La société à fondement politique offre à l’homme une certaine sécurité grâce au minimum de garde publique assuré par l’Etat à travers ses différents organes. Une telle société est plutôt vouée à la productivité intellectuelle et économique. Dans les cercles de l’élite cultivée les esprits s’effleurent, et s’apparentent de plus en plus à l’archétype d’une confrontation ontologique où le «moi» s’ouvre sur l’autre «moi». Il faut dire qu’en principe, tout «moi» recherche la vérité. Aussi bien, la personne vraiment ingénieuse recherche-t-elle le Beau et le Bien, et ne jalouse pas les autres ingénieux. Il advient cependant que le péché s’introduise dans la société des élites intellectuelles et artistiques, et en refroidisse les élans intérieurs.
Seul le renoncement peut vaincre l’ego refermé sur lui-même. Il est vrai que la passion de l’argent est le pire désastre, car l’argent, une fois chéri, endurcit l’homme et lui donne un cœur de pierre. Il perd toute sensibilité et se mure dans son ego. Or le «moi» ne s’ouvre qu’en donnant, et passe dans le monde du «nous». Que l’on s’adonne à un acte volontaire d’appauvrissement, et voici l’autre se présenter à nos yeux comme un bien-aimé. De plus, obliger l’autre d’un accueil généreux nécessite que l’on dispose d’une part de ses petits biens. D’où l’importance de la générosité, à cause du sentiment de privation qu’elle laisse, comme si l’autre nous complétait.
En outre, cet argent qu’on possède et pour lequel on s’engoue se dresse aux yeux de l’homme pour l’empêcher de voir les pauvres, ceux-là même que Jésus appelle ses petits frères.
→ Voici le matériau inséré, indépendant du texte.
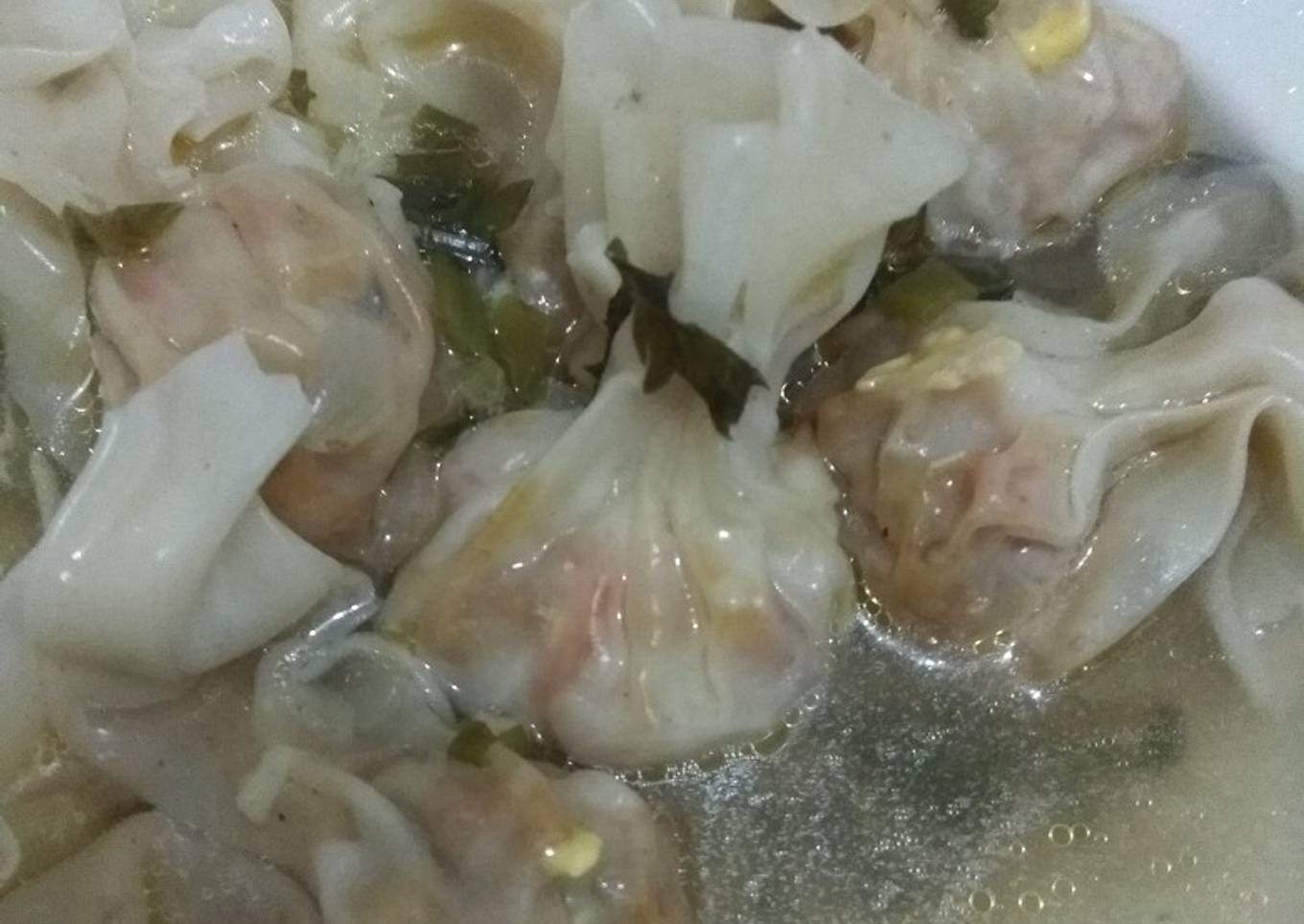 Sop Pangsit Ayam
Que l’on rejette donc tout ce qui entrave leur vision, tout en sachant que l’argent sert à imposer son pouvoir. L’homme puissant s’imagine être seul dans l’existence, la multitude existant seulement par lui. C’est le type de l’ego refermé sur soi par excellence. Telle est la figure du despote absolu, qui a pour seul souci de se maintenir au pouvoir. Que les gens vivent ou meurent, peu importe. Le despotisme réside dans le fait même que le puissant se convainc d’y trouver la recette de son pouvoir, alors qu’en vérité il ne fait que s’idolâtrer. Le pays aurait beau réussi dans tel ou tel domaine, sur le plan intellectuel, il essuie un échec. D’ailleurs, que règne la peur du régime, et l’appréhension mutuelle dominera les citoyens, car chacun suspectant l’autre de supporter le régime totalitariste.
Théoriquement, l’Etat serait en mesure d’aider l’homme à devenir une source de vie spirituelle. Il pourrait s’humaniser, dans le sens où la personne ressent que l’Etat n’est pas une institution de l’oppression, et qu’il soutient les démunis. La politique devrait faire fi à l’oppression, et maintenir la justice.
Il faudra diriger les efforts vers la métamorphose de la société urbaine en une société de cœurs reliés par une compassion et une tolérance idylliques, dans un esprit de loyauté et de confiance.